Supreme Court of Indiana.
November 3, 1986.
*229 Daniel L. Bella, Appellate Public Defender's Office, Crown Point, for appellant.
Linley E. Pearson, Atty. Gen., Jay Rodia, Deputy Atty. Gen., Indianapolis, for appellee.
Defendant-Appellant John Gordon was convicted of robbery, a class A felony, at the conclusion of a jury trial in the Lake Superior Court. He was sentenced to twenty (20) years. The following issues are presented on direct appeal:1. sufficiency of the evidence; and 2. refusal of Appellant's Tendered Instruction No. 1.
Paul Brown and Angelo Copeland were walking down a street in Gary, Indiana, at approximately 11:30 p.m., on May 21, 1983. Copeland was carrying Brown's radio. Appellant and his co-defendant approached Brown and Copeland, and asked them for a cigarette. Brown and Copeland answered they had none, and Appellant and his co-defendant began following them. This scene repeated itself, after which Appellant and his co-defendant walked ahead of Brown and Copeland. Appellant and his co-defendant stopped, and when Brown and Copeland reached them, Appellant dropped his coat, pointed a gun at Brown and Copeland, and demanded the radio. The four men were approximately two to three feet (2-3') apart. Appellant shot Brown and began demanding money as Brown and Copeland attempted to flee. Brown told Copeland to drop the radio and run. Brown and Copeland escaped, and Brown was treated for two (2) bullet holes in his arm.I
Appellant maintains there was insufficient evidence to support his conviction because the evidence showed the radio was taken from Copeland, whereas the information alleged that the radio was taken from Brown.

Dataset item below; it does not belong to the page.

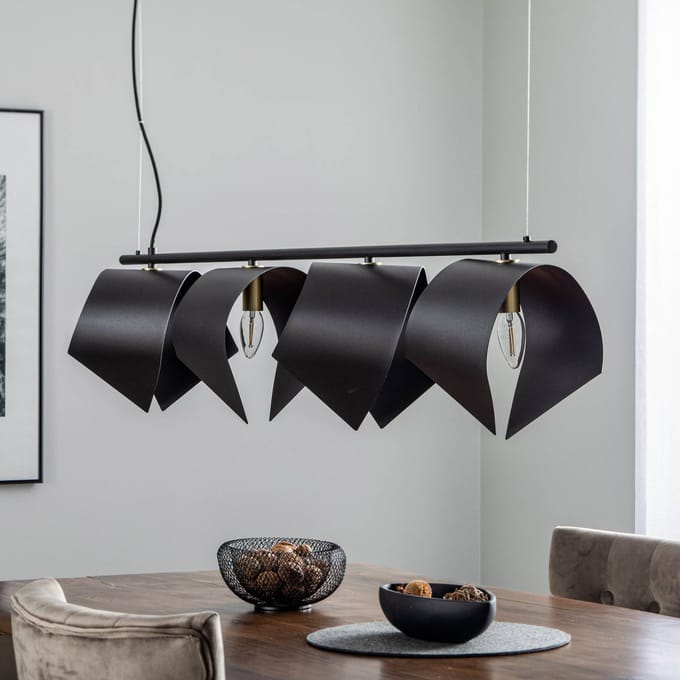 Lucande - hanglamp - 4lichts - Staal - H: 23.5 cm - E14 - zandzwart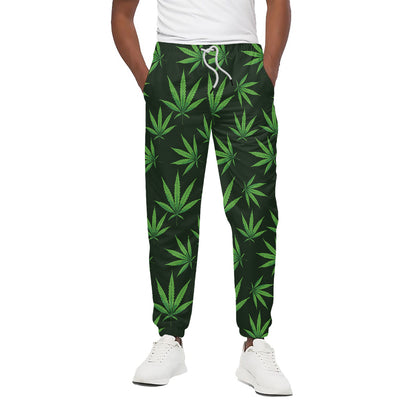 Pot Leaf Pattern Print Cotton Pants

Ind. Code § 35-42-5-1 defines robbery as the knowing or intentional taking of property from another person or from the presence of another person by the use or threat of force or fear. The evidence here clearly showed Brown's radio was taken from a person holding it, who stood two to three feet away from Brown. This amply supports the conviction. Furthermore, the information did not require the radio to be taken from Brown, as it used the language, "from another person or from the presence of said other person, to-wit: Paul Michael Brown [emphasis added]."*230 II
Appellant contends the trial court erred in refusing his Tendered Instruction No. 1, which sought to advise the jury on battery, a class C felony, as a lesser included offense.
The test for determining whether it was error to refuse such an instruction is two-fold: 1) did the language of the statute and the charging document necessarily include the lesser offense in the greater; and 2) was evidence introduced at trial to which the included offense instruction was applicable. Furthermore, the evidence must be subject to the interpretation not only that the lesser offense was committed, but also that the greater offense was not. Salahuddin v. State (1986), Ind., 492 N.E.2d 292, 294. Here, as in Salahuddin, battery was a lesser offense included in the crime charged. However, the evidence was clear that the greater offense, robbery, was committed. Appellant's argument, that whether the radio was taken from the person or presence of Brown is in serious dispute, was addressed above and found to be without merit.
The trial court is affirmed.
GIVAN, C.J., and DeBRULER and SHEPARD, JJ., concur.
DICKSON, J., concurs in result without separate opinion.